• [OT] Raspberry Pi 4

    From Alan Browne@bitbucket@blackhole.com to comp.sys.mac.system on Saturday, February 20, 2021 10:51:41
    From Newsgroup: comp.sys.mac.system


    For those who may be curious...

    I received the Pi last week and have been having some fun with it.

    1) I got the Raspberry Pi Keyboard and mouse as part of a "Kit" deal
    from CanaKit.

    The keyboard is pretty bad, quality wise. It works, but the feeling is
    cheap and cramped.

    The mouse, however, is pretty good.

    I do most of my work from the Mac via VNC. Some keyboard shortcuts
    don't work well however (ie: the F buttons ... can't find a way in VNC
    to assign them).

    2) The Pi 4 B.

    I got the 8 GB version which in hindsight is massive overkill for my
    project. Unloaded, Raspberry Pi OS (Linux) uses less than 200 MB of memory.

    Load Chromium and an IDE it's at 340MB.

    2 GB would have been more than enough for the project I'm doing.

    1.5 GHz 4 core ARM (64 bit), Gb Ethernet, WiFi (incl 5GHz), USB 2.0 and
    3 ports (2 ea), Bluetooth, audio, dual 4K HDMI ... and the more
    important to me GPIO header with configurable discretes (12) and various serial data (I2C, UART, SPI (2)) and PCM.

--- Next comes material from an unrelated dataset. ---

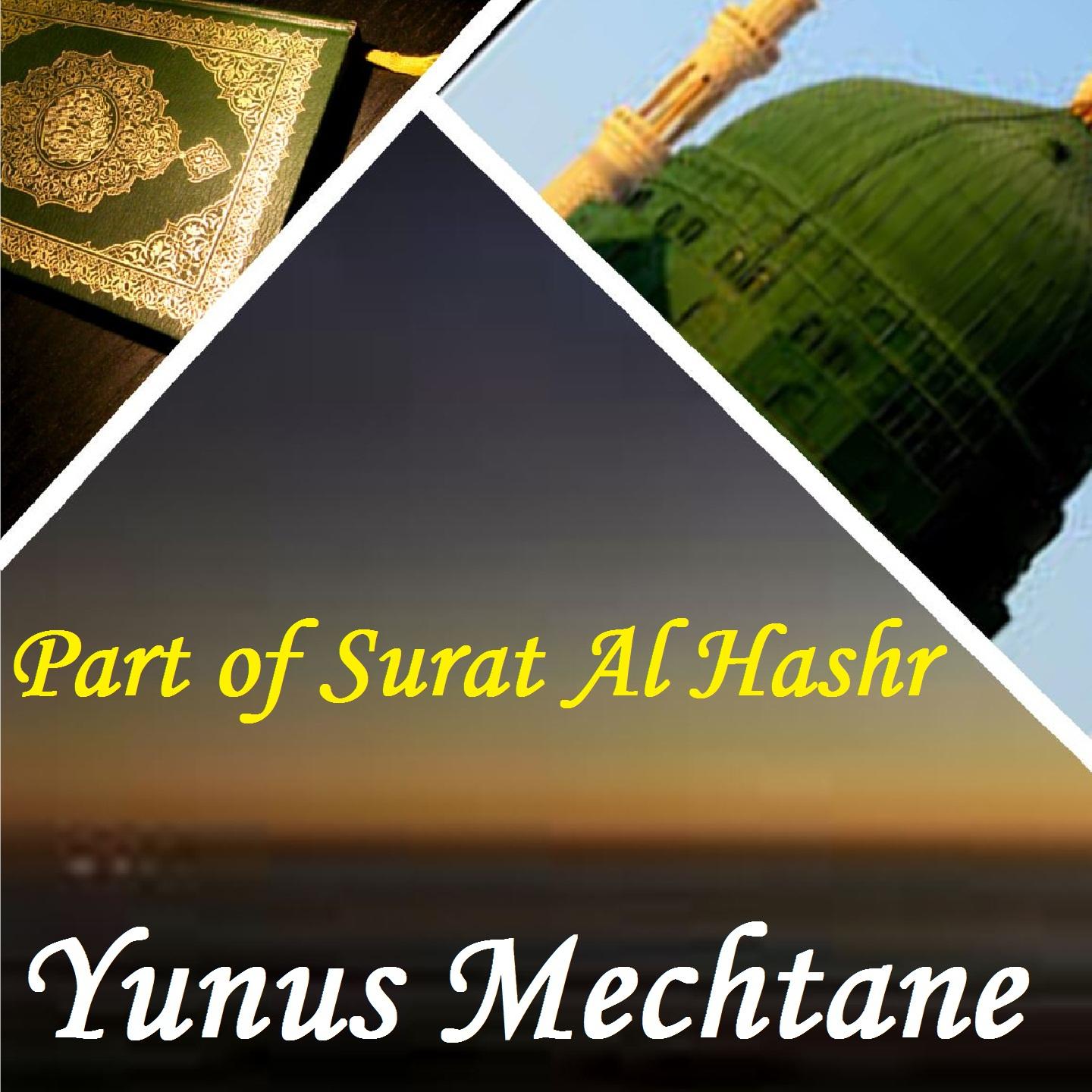 Постер альбома Part Of Surat Al Hashr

    I added heat sinks to the CPU, memory and I/O controller and a tiny fan (noiseless) that takes 5V from the GPIO header.

    Raspberry Pi OS is 32 bits, however. There is a Beta release in 64 bits
    and there is a 64 bit Ubuntu. I might load up the latter and see how it
    does. (More than enough SD cards around here...).

    I'm coding (so far) in Pascal (Free Pascal compiler) with crude h/w
    access. Works fine. Hooked up some buttons and lights to get things
    going (polled reads).

    I may be forced to Python 3 or C. Both of which I despise (that said,
    there is a monster library of code for Python 3 devoted to Pi and quite
    a bit of C as well). If forced to do so, I'll write a middle code
    'driver' and pipe the data to the main program in Pascal and v-v. TBD.
    CPU Efficiency isn't important as long as the sampling rate is high
    enough.

    Another option is to make my own kernel variant. That would be both fun
    and a massive time consumer - but I'd have very direct h/w control.
    This would be in C and possibly assembler.

    Waiting on some GPS and accel/gyros to get going. Shopping for a
    display (small touch screen) and Li-ion power control components in the meantime as well as learning about LoRa.

    I purchased a cheap 1080p monitor (BenQ) for this project and I regret
    not getting a 4K display instead. May return it this week and upgrade.
    Coding efficiently needs a lot of screen space...

    --
    "...there are many humorous things in this world; among them the white
    man's notion that he is less savage than the other savages."